Final Exam: One Student’s GED Path

No matter how hard it was, Myriam Costantino Balageur knew she could not quit. No matter how tired she felt; no matter how many times she failed, she absolutely could not give up on her education. She was going to earn her GED.

“What will my children think if I quit,” Myriam reflects. “I had to be an example.” She also did not want to let down her teachers and the volunteer tutors at the Durango Adult Education Center.

A Fork in the Road

Myriam emigrated to the U.S. from Argentina. (Image CC)

Myriam returned to complete her education late in life. Her children—one daughter and two sons—were all grown. She and her husband relocated from Chicago to Durango seeking the ease and quiet of small town life. A native Argentine, Myriam attained her U.S. citizenship in 2011 and worked in private childcare. But the arduous physical demands took their toll. After a serious hip injury, her doctor said no more hefting tots and toddlers.

Myriam knew her job prospects would be limited unless she did something daring: go back to school. She began classes at the DAEC three years ago. She rediscovered the challenges of homework, quizzes, and flashcards.

“My children said: You can do it! You can do it! Keep going!” Myriam recalls.

And she started to believe them when she aced her math and science exams. But then came the Reading and Language Arts exam and with it a series of frustrating failures. Her scores were close. So close. But not enough.

Then came the news that her husband’s job would be transferred away from Durango. They had a little more than a month to move. Myriam was out of time. It was now or never. She scheduled another Reading and Language exam for the middle of May.

When the Mind Wanders

On the test day, she cycled through the familiar high-tech check-in procedures. She signed the digital pen pad and took a deep breath. She posed for an identity-matching photograph. Deep breath. She clutched her scratch sheets and pen. Deep breath.

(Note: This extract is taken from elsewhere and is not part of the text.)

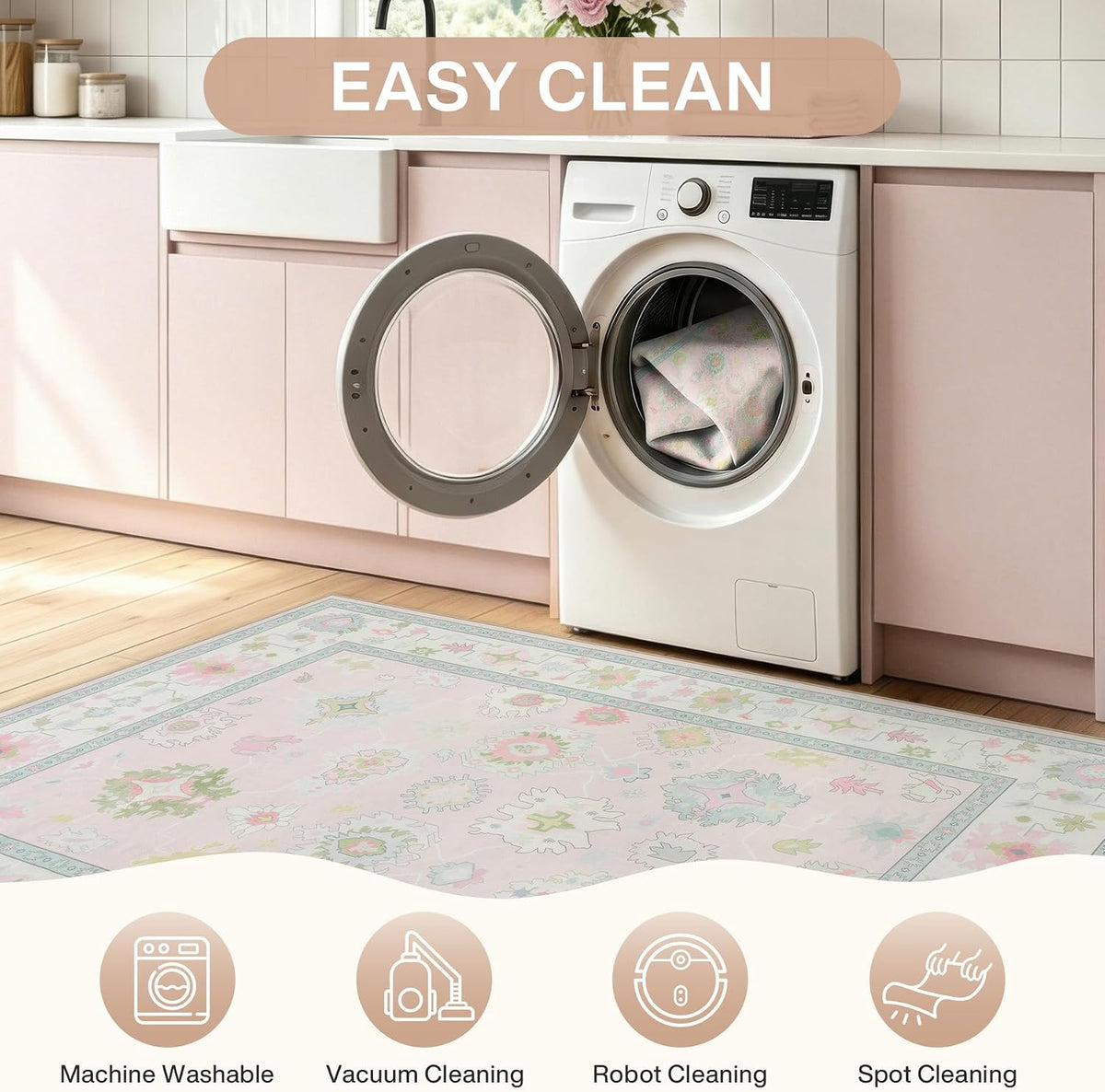 Boho Oushak 5x7 Washable Area Rug for Girls Bedroom, Soft Pastel Pink Nursery Rug Living Room, Oriental Floral Non-Slip Ultra Thin Indoor Carpet for Dorm Kids Playroom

The computer monitor loaded up questions.

Myriam, in her graduation regalia.

Anyone who picked up newspaper a couple of weeks back knows the results of Myriam’s test. In a large color photograph, Myriam posed in her victory blue graduation robe and cap. Her smile electric. Her joy infectious.

“I couldn’t sleep the night before. I was so excited,” she explains.

While she is sad to leave Durango, Myriam sees the world full of open doors now. Once the moving boxes are emptied, she plans to get her degree and work as either a medical assistant or an interpreter. To anyone considering a return to school, Myriam offers some sage advice, “El saber no ocupa lugar.”

Roughly translated: knowledge takes up no space. That is to say, you can never know too much. Acquire as much learning as you can because it is easy to carry wherever you go.

To Learn More

The Durango Adult Education Center provides English as a Second Language and GED instruction in both Durango and Cortez. Volunteer tutors are needed to supplement class instruction. Sign up to share your love of literacy with others.  Please email our Volunteer Coordinator if you are interested in helping a student achieve their educational goals.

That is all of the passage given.